Just last December, Stanley noted, United Airlines declined to pay the $4,000medical bill and related expenses incurred by the owner of a dog who suffered ruptured eardrums and other trauma on a flight from Los Angeles to Miami. United contended that "there was no value declared for this shipment" and hence the airline's liability was limited to 50 cents per pound for the116-pound "shipment," or $410.50. United's letter never once acknowledged that the "shipment" was a dog.

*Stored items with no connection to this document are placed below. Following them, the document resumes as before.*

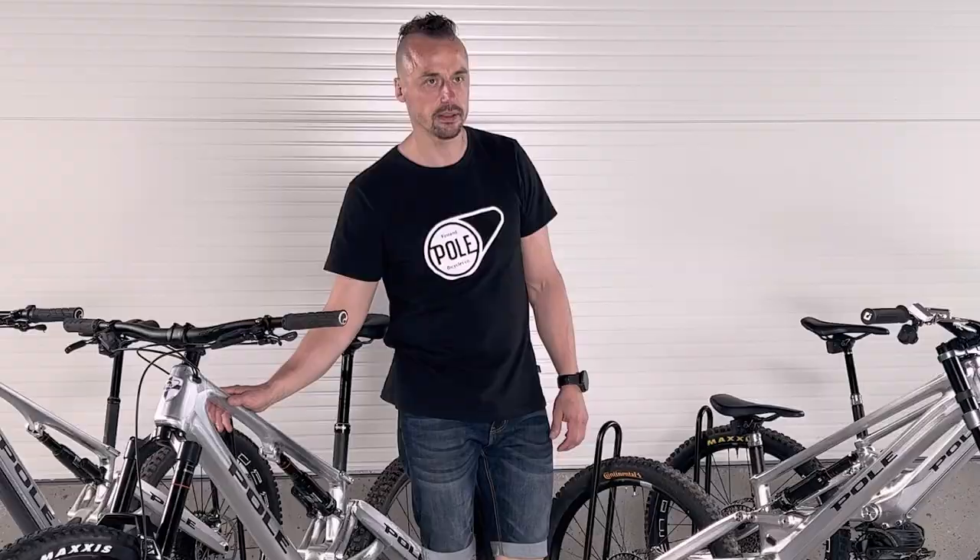Ten years ago we founded Pole Bicycle with a couple of ideas in mind: transparency, not doing unnecessary harm to nature or people, and making awesome bikes. Now we have our factory where we make these frames, CNC-machining them from really strong aluminum — almost twice as strong as conventional aluminum — and bonding them together with adhesives that have been used in aerospace industries for a long time.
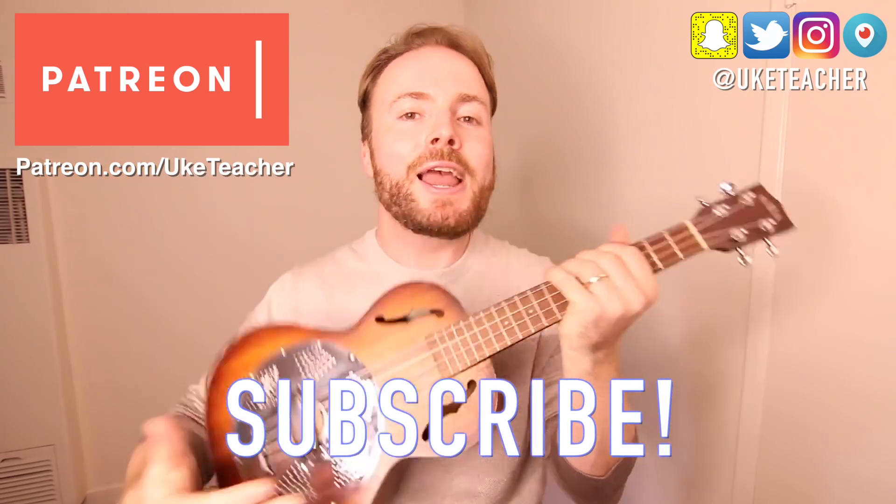So grab your uke. Make sure it's in tune, and if you need help tuning your uke, then be sure to download my free app, The Ukulele App, right now. And when it is in tune, your uke should sound like this.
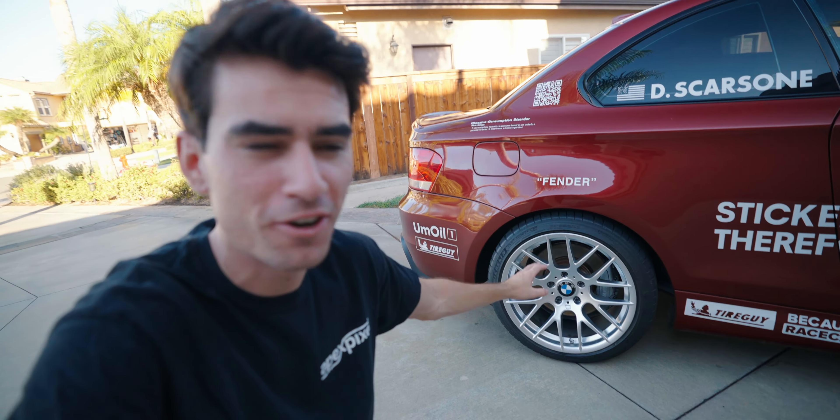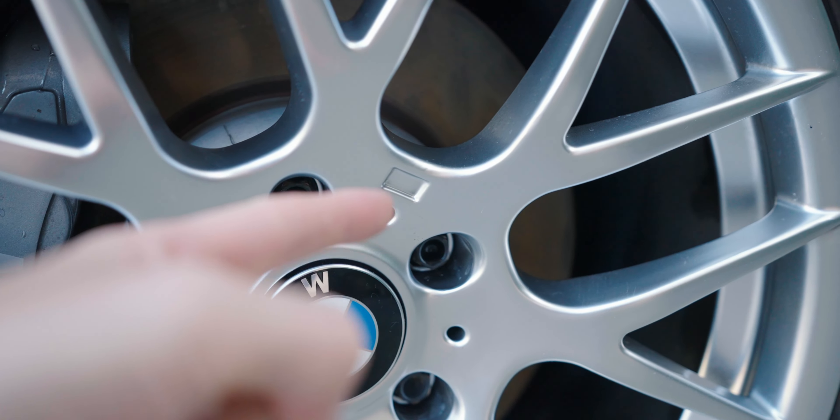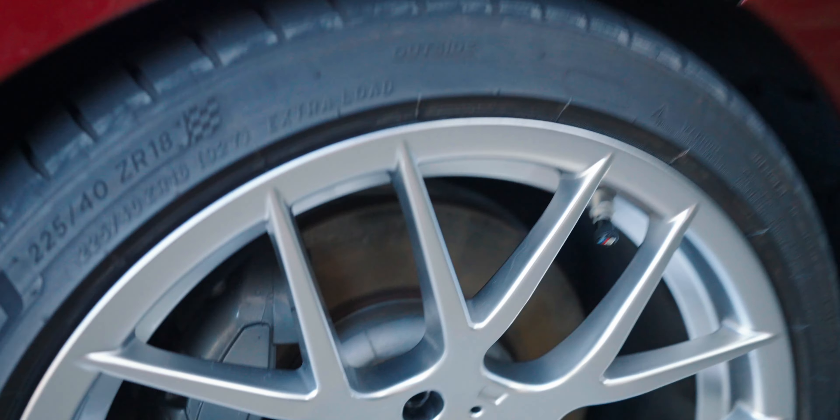I put them on the car recently and they're missing one thing. And that one thing, as you can probably imagine, is the little M badge that goes on there. So for $14, I picked up a set of four M badges from Amazon. We're going to slap them on the car and complete the look of these 1M style wheels on my 1 Series.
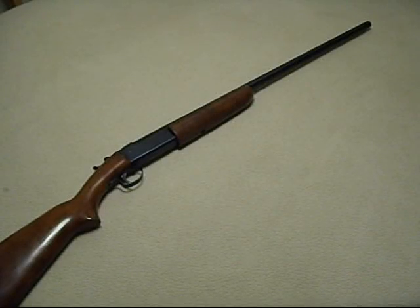Welcome back to the Stingy Trigger tabletop. Trigger here today to do a review of a great little shotgun, the Winchester Model 37, sometimes referred to as an M37 shotgun.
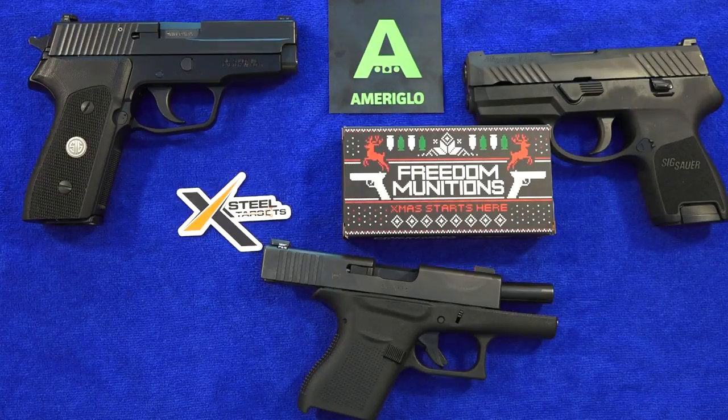Well guys, that's the end of this review. I hope you enjoyed it. Thanks for watching, and remember to like, share, and subscribe to our channel here on YouTube, Bright9mmUSA, for more guns and gear videos coming up in the future.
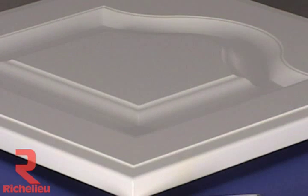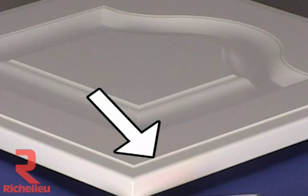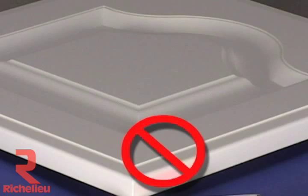As a sealer, it has good adhesion and will seal off sap streaks, knot holes, and most dyes. It can be especially useful when using an opaque finish over a stain. For example, if a white finish is applied over a mahogany stain, it's not uncommon for the white to turn pink from the migration of the stain into the finish. Use shellac as a barrier to avoid this problem.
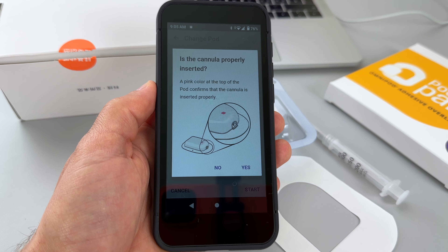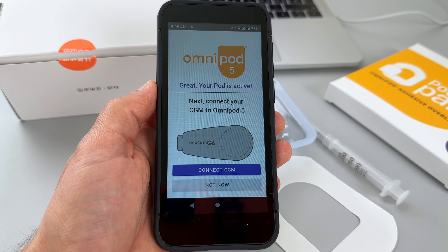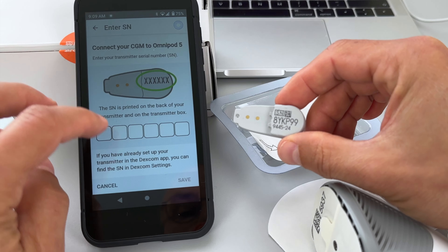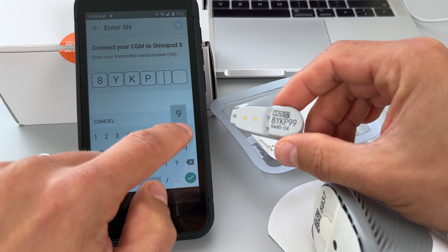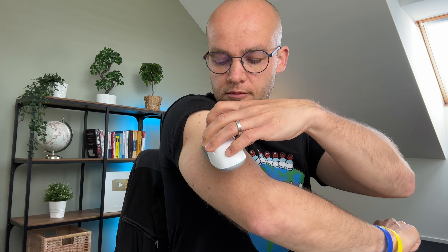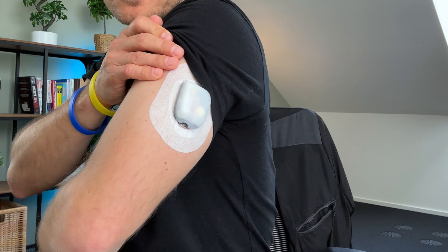I'm going to remove this plastic tab — you really need to pull quite strongly. Don't worry, you will not break anything. We'll check that the cannula is not sticking out, then remove the paper backing of the adhesive and apply the pod on my arm exactly on the spot I cleaned with the alcohol wipe. This was my first time doing this while recording on camera — I was really nervous, and of course I messed up. Look how I folded the adhesive! I tried the pod pal overtape but folded that on the opposite side too.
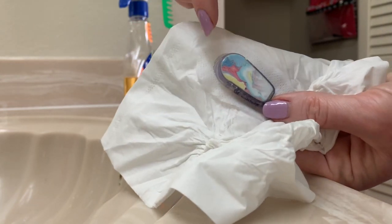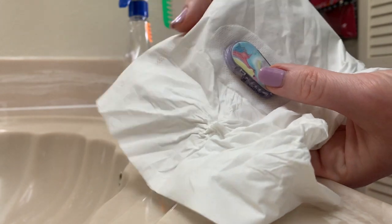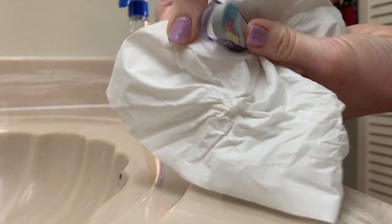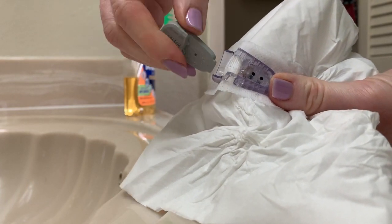You'll notice right here at the top of the sensor there's like a plastic lip. I've got it stuck on a tissue. You get a hold of that plastic lip and you break the sensor in half. See how I've broken it? Then the transmitter just slides right out. Quick and easy.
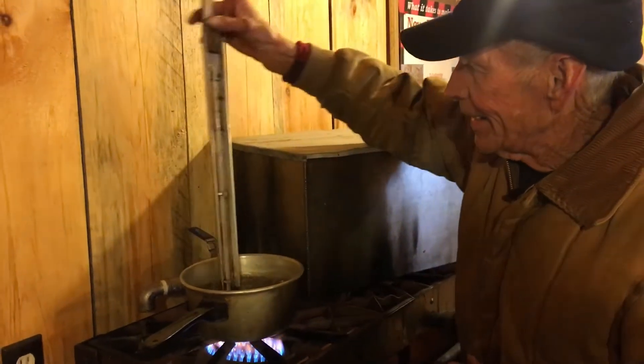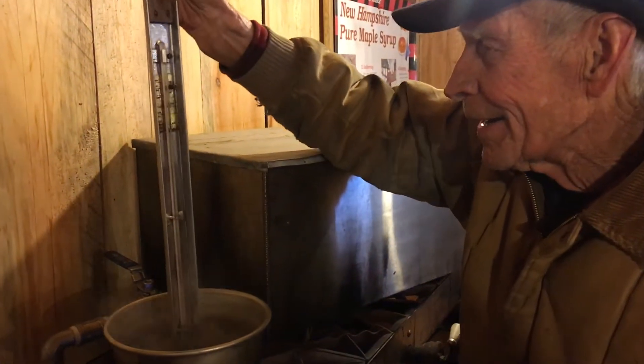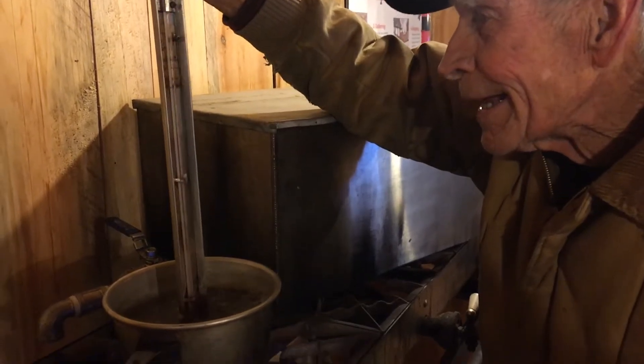I'm with Bill Leva here in Hancock, New Hampshire. We're doing the old-school way of checking to see the boiling point of water and thus the boiling point of syrup, or the takeoff point of syrup. We're boiling the water. Explain again how we do this.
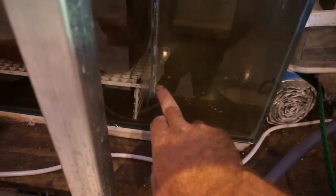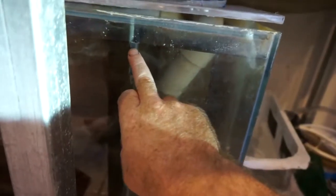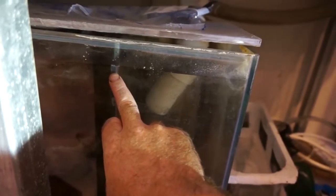I wanted to start with the first chamber here. The first chamber is where the water comes down to the bottom and you've got a chamber underneath that the water comes up through into the second chamber. This piece of glass here is one piece of glass and it stops about an inch below the top of the tank, and that dictates your backflow if you ever have a problem.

ALDF, the nation's only public interest law firm specializing in protecting the well being of domestic animals and wildlife, is preparing a petition demanding that the USDA adopt stricter regulations and improve conditions for animals transported by air. Accompanying this demand will be thousands of petitions from individuals who want safer conditions for animals traveling in airplanes. In addition, ALDF is asking corporations to put pressure on airlines by pledging to favor only those carriers that sign ALDF's cruelty-free pledge to take better care of animals entrusted to them. The Houston Rockets, Frederick's of Hollywood and John Paul Mitchell Systems have already signed the pledge.

"The skies are not friendly to pets. Most airplane cargo holds are unsafe for animals. Until conditions improve, pet owners should never put their treasured companions aboard a plane. Doing so could seal their doom," said Stanley.